- Outfielder
- Born: August 17, 1987 (age 38) Inglewood, California, U.S.
- Batted: RightThrew: Right

MLB debut
- September 2, 2012, for the Cleveland Indians

Last MLB appearance
- August 7, 2013, for the Chicago Cubs

MLB statistics
- Batting average: .184
- Home runs: 0
- Runs batted in: 2
- Stats at Baseball Reference

Teams
- Cleveland Indians (2012); New York Yankees (2013); Chicago Cubs (2013);

= Thomas Neal (baseball) =

American baseball player (born 1987)

Thomas Neal (born August 17, 1987) is a retired American professional baseball outfielder who is currently a hitting coach for the San Francisco Giants organization. He has played in Major League Baseball (MLB) for the Cleveland Indians, New York Yankees and Chicago Cubs.

==Major League career==
===San Francisco Giants===
Neal attended Poway High School in Poway, California, and Riverside Community College. The San Francisco Giants selected him in the 36th round of the 2005 Major League Baseball draft.

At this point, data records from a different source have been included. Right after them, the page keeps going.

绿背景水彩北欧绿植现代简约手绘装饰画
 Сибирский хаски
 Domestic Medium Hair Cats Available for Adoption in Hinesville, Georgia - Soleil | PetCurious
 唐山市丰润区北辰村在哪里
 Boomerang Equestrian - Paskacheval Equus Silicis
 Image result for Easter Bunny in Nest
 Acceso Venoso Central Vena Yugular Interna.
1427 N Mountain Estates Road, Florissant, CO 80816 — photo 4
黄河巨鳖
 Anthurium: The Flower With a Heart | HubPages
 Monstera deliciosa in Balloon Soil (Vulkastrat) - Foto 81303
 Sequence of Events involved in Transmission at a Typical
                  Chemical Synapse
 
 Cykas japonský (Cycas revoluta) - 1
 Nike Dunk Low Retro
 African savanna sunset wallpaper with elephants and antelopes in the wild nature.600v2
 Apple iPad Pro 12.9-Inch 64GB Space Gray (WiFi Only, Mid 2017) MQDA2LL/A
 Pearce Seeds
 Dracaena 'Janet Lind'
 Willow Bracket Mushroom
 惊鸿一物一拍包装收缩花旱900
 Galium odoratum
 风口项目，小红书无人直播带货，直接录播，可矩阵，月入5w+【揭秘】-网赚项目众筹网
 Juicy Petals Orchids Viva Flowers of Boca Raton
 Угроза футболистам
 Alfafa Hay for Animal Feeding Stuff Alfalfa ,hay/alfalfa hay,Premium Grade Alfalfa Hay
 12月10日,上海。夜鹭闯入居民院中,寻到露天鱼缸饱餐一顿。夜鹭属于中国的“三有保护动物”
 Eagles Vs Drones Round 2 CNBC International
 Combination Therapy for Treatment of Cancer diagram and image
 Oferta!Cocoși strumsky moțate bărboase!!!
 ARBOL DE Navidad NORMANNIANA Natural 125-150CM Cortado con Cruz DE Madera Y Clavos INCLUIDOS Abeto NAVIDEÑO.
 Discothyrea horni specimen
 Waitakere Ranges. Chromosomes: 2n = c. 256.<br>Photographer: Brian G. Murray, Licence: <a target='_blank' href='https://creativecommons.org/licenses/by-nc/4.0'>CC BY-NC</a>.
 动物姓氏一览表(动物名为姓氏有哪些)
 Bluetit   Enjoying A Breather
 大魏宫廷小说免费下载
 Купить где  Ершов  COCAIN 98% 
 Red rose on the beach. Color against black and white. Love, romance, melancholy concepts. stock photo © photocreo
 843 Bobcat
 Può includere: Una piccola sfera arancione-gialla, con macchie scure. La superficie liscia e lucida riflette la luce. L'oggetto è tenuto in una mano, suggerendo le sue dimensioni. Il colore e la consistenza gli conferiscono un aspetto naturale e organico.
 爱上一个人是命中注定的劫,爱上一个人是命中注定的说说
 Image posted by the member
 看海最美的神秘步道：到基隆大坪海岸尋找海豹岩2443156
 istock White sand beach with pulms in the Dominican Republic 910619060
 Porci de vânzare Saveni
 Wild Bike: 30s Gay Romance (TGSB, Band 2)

On April 28, 2009, while playing for the San Jose Giants of the California League, Neal hit for the cycle in a 17–7 victory over the Lancaster JetHawks.

===Cleveland Indians===
Neal was traded to the Cleveland Indians on July 30, 2011, in exchange for Orlando Cabrera. He was optioned to the Triple-A Columbus Clippers.

Neal was designated for assignment on April 4, 2012, but was added to the Indians major league roster as a September call-up on September 1, 2012.

Neal was designated for assignment by the Indians on January 3, 2013, to make room for Nick Swisher on their roster. He was released by the Indians on January 12, 2013.

===New York Yankees===
The New York Yankees signed him to a minor-league contract later that month. The Yankees promoted Neal to the major leagues on June 14. He was sent back down to Triple-A on June 22. He was recalled again on July 20, sent back down on July 26, and designated for assignment August 2.

===Chicago Cubs===
Neal was claimed off waivers by the Chicago Cubs on August 5, 2013. Two days later on August 7, Neal dislocated his right shoulder while making a throw from left field, effectively ending his season. In two games for Chicago, he went 0–for–4. On October 9, Neal was removed from the 40–man roster and sent outright to the Triple–A Iowa Cubs.

===Cincinnati Reds===
He signed a minor league deal with the Cincinnati Reds in January 2014. He became a free agent after the 2014 season.

===Somerset Patriots===
Neal signed with the Somerset Patriots of the Atlantic League of Professional Baseball for the 2015 season.

===Coaching career===
He became a free agent and retired after the 2015 season and became a minor league hitting coach in the San Francisco Giants Organization.